All members of the HKU community and the general public are welcome to join!
Speaker: Professor Z.Q. Yue Quentin, Department of Civil Engineering, Faculty of Engineering, HKU
Moderator: Dr. S.H. Li, Associate Professor, Department of Earth Sciences, Faculty of Science, HKU
Date: 27th January 2022 (Thursday)
Mode: Online via ZOOM
The conventional understanding of active volcanoes is based on the theory of hot magma (molten rock) from mantle. Although this magma theory has been widely believed in Earth Science, the prediction of volcano eruption can be incorrect. For example, the recent massive eruption of the Tonga Hunga volcano was not predicted. The devastating eruption of the Mount Ontake volcano in Japan on Sept. 27, 2014 was also not predicted and/or warned at all, consequently caused 55 fatalities, 9 missing and more than 60 injured.
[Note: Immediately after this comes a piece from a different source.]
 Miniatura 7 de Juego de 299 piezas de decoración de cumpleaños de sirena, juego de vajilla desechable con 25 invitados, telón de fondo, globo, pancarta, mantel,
In this Tech Talk, Professor Yue will present his re-understanding of active volcanoes using his methane gas theory. This methane gas theory of active volcanoes is original and can interpret all the observed phenomena associated with active volcanoes. It can be used to correctly predict and effectively reduce the occurrence of damaging volcano eruptions. It can be further used to obtain the huge amount of natural gas resources from gas chambers of active volcanoes at several kilometers below the ground rocks.
The natural gases, generated in the liquid out core of the Earth, migrate upward and outward and further is trapped in the gas chambers in upper crustal rock mass. They make chemical and physical reactions with the surrounding rocks of the chamber. The chemical reactions release heat and produce lava, steam water H2O and other gases such as CO2, H2S and SO2. The oxygen O for the chemical reactions comes from the surrounding rocks. The lava has a less amount of oxygen than the surrounding rocks. The gas expansion and penetration power and the heat further break, weaken and soften the surrounding rock and make them into lavas, fragments, ashes and bombs. The pyroclastic deposits are carried out of the chamber by the gas expansion and uplift power and gradually form the cone-shape mountain after many small eruption events. The surrounding crust loses its rocks, the gas-rock reaction chamber becomes larger and larger, and the cone-shape mountain also becomes larger and larger. Eventually, the last eruption occurs and can breaks the upper crustal rocks and the cone-shaped mountain. The pyroclastic rocks forming the cone-shaped mountain collapse into the chamber space, where a basin or lake can be formed. Subsequently, a caldera is appeared at the former large cone-shaped mountain site.